───── The data ─────

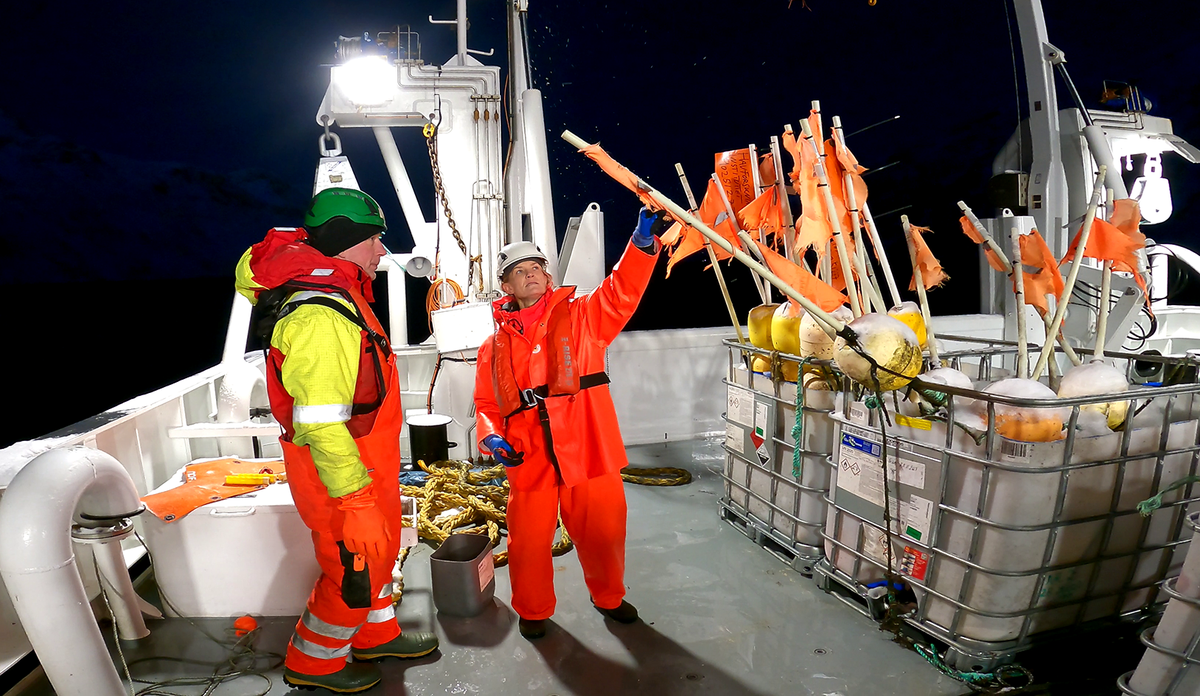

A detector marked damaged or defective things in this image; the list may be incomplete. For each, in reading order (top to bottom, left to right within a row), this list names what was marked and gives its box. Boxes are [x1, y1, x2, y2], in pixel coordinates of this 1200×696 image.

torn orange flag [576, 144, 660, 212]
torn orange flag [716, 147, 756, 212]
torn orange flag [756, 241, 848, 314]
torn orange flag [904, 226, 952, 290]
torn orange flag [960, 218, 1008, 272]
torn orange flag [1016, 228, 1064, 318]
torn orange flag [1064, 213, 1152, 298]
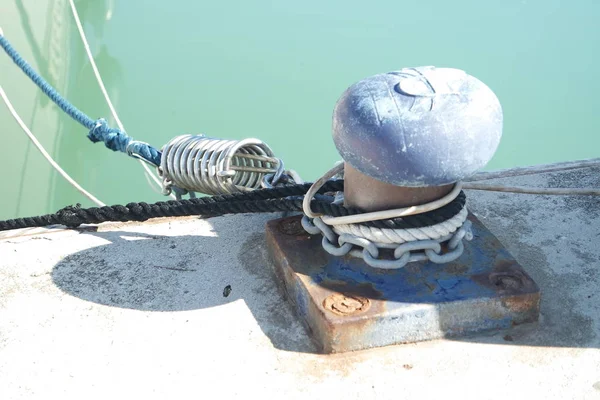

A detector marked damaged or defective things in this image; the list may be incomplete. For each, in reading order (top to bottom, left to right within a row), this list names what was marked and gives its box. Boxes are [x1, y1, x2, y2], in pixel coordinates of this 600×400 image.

─────
───── The data ─────

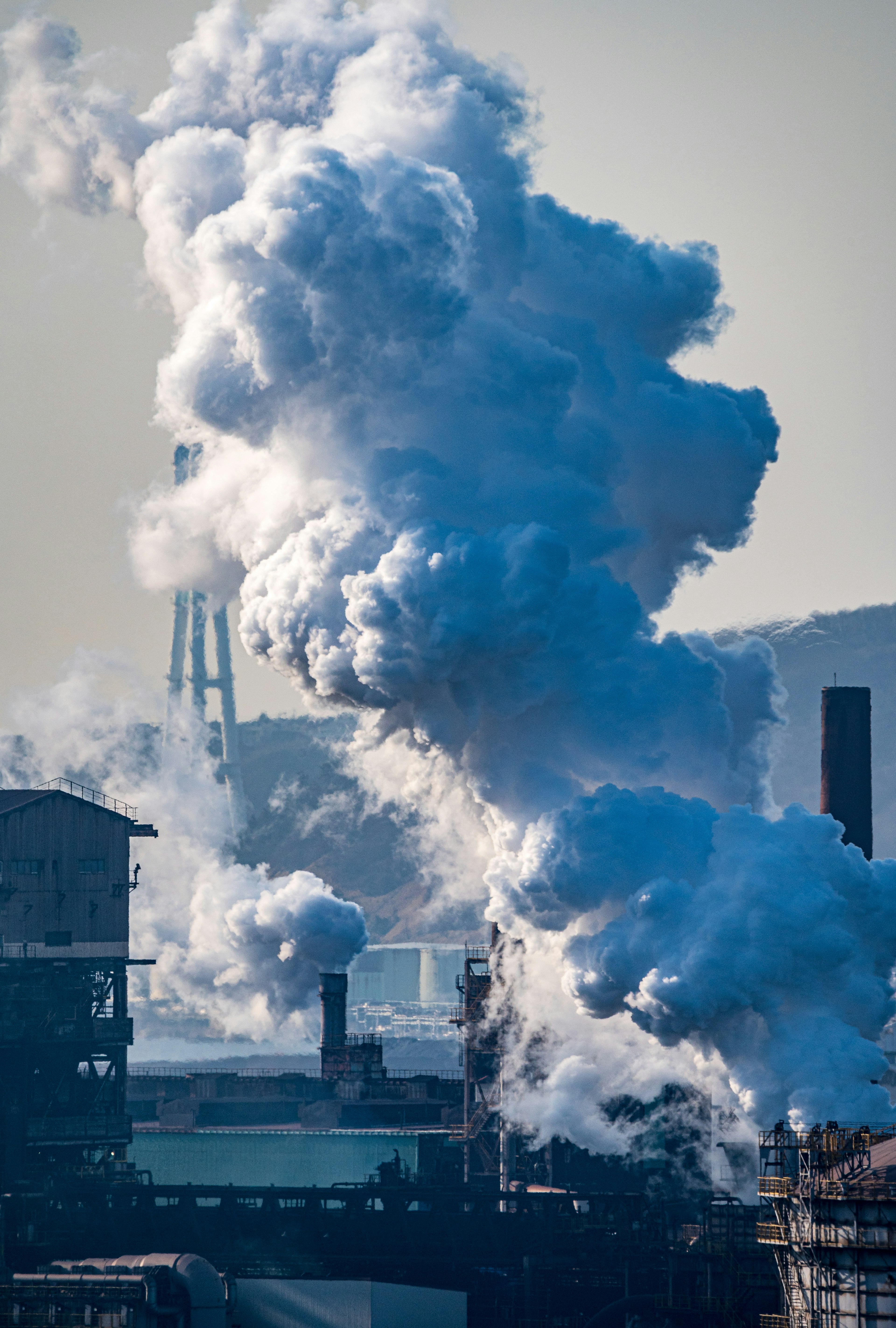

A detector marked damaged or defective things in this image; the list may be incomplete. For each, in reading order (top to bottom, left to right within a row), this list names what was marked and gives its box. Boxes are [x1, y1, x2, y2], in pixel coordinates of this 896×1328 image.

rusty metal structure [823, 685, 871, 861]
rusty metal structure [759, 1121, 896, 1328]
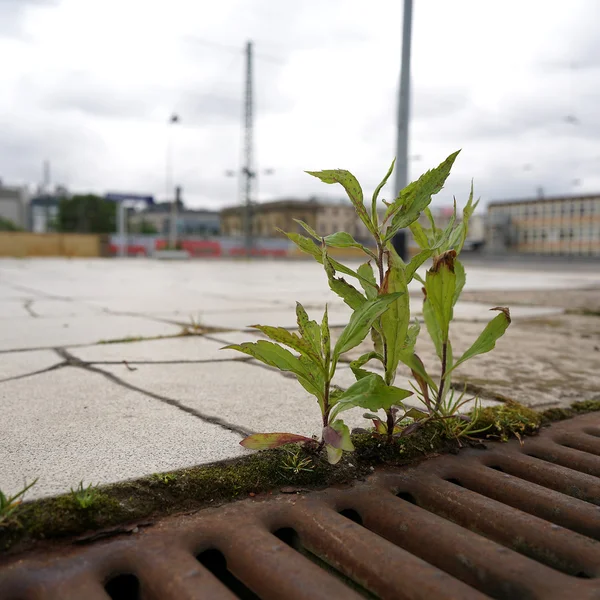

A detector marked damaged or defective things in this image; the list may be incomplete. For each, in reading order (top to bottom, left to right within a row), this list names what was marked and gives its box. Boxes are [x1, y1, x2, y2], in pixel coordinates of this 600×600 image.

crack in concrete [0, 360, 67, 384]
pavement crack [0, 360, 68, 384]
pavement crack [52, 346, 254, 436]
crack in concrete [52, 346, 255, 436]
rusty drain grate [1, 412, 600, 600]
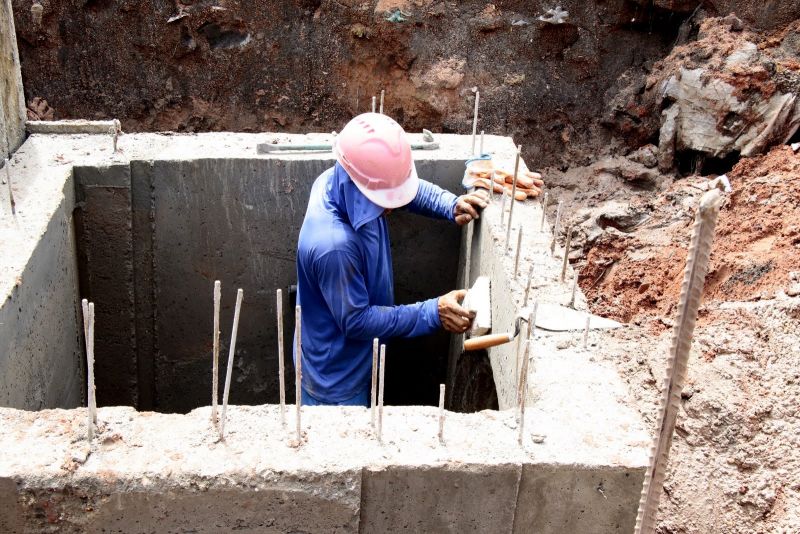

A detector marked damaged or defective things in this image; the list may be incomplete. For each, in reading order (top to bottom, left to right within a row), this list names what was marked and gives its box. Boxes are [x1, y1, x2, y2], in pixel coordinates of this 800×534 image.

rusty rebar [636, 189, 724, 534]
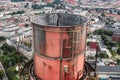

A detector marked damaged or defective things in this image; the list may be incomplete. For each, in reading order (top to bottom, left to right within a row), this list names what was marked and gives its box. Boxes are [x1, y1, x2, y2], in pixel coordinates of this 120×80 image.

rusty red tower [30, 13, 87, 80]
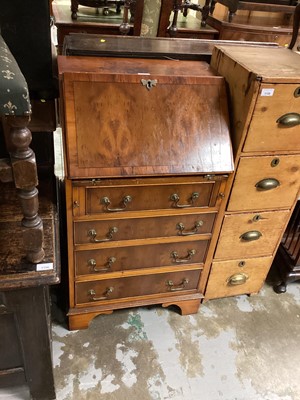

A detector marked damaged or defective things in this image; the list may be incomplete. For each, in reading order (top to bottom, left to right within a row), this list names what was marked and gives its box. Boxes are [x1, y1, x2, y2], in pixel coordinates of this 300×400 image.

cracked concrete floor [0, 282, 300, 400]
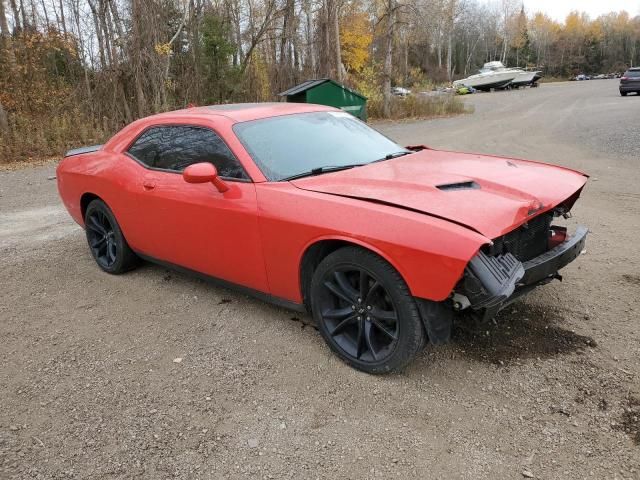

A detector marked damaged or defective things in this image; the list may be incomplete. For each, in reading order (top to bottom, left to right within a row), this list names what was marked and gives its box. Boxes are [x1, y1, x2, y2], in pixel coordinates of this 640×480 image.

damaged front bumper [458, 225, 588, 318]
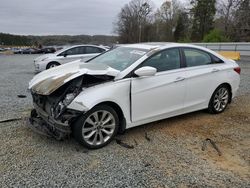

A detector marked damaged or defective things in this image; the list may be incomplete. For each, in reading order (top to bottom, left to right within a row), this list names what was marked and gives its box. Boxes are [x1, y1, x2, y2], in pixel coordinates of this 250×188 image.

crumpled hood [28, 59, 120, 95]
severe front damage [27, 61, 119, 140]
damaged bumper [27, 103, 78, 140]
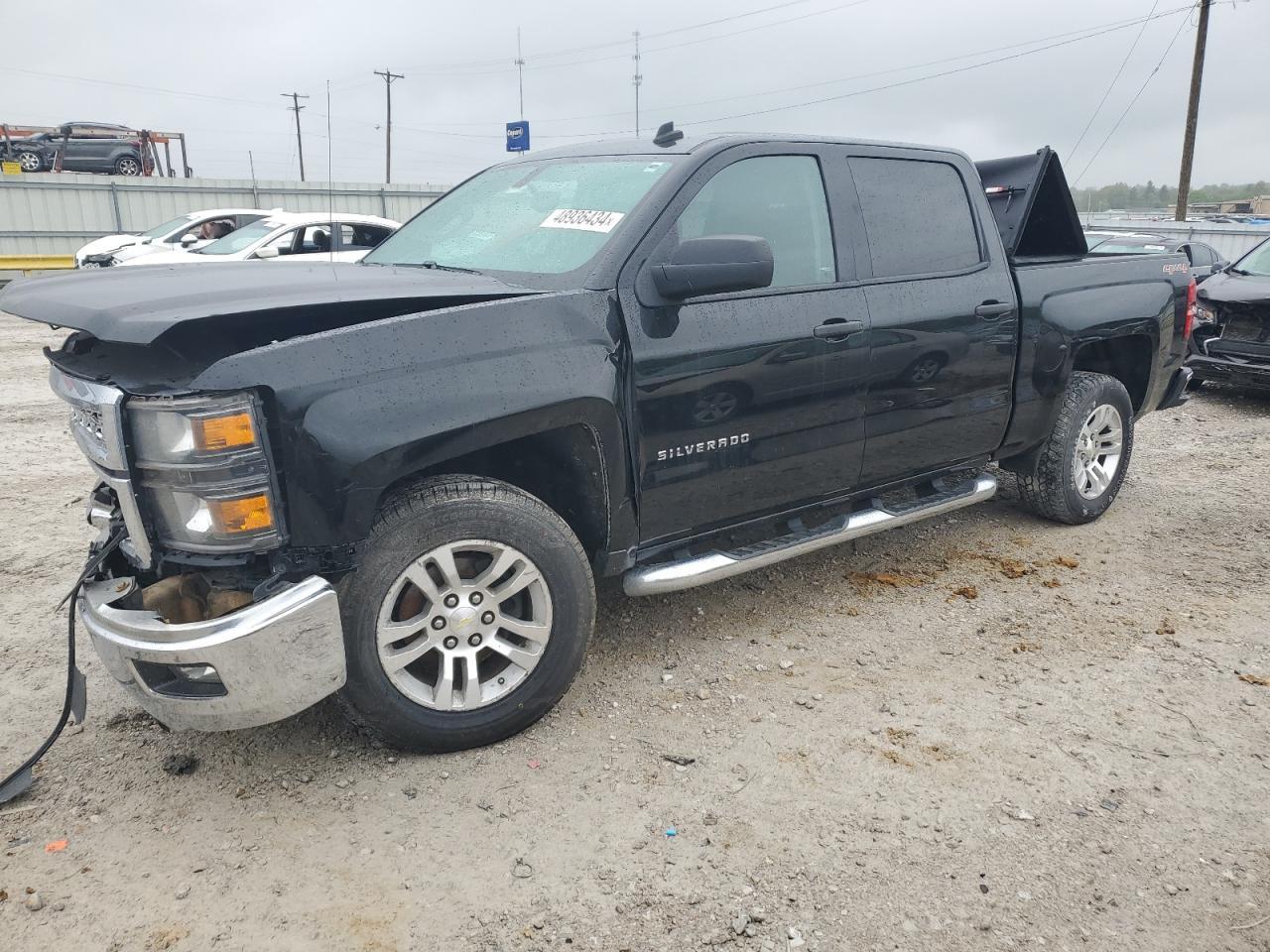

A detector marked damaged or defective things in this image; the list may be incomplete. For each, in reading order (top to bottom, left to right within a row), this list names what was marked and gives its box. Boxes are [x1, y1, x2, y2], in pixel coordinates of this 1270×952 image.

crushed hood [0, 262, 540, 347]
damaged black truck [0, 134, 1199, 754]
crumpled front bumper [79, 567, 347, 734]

─────

**What you are asked to do:** Look above for the line with "this 1200×696 image."; quote it and every line after it, stopping after the line with "this 600×400 image.", exactly, with nothing added and without pictures.

**Output of the task:**
A detector marked damaged or defective things in this image; the list may be incomplete. For each, in reading order (top to bottom, left to right within a row), this list names what was marked and gives its box. Boxes are [x1, y1, x2, y2], in pixel coordinates of this 1200×696 image.

torn orange flag [576, 144, 660, 212]
torn orange flag [716, 147, 756, 212]
torn orange flag [756, 241, 848, 314]
torn orange flag [904, 226, 952, 290]
torn orange flag [960, 218, 1008, 272]
torn orange flag [1016, 228, 1064, 318]
torn orange flag [1064, 213, 1152, 298]

A detector marked damaged or defective things in this image; the list may be incomplete. For each, in reading order (top to bottom, left to right within a row), this list names what was marked and gives its box. Boxes are [x1, y1, x2, y2], in pixel coordinates of this 600×400 image.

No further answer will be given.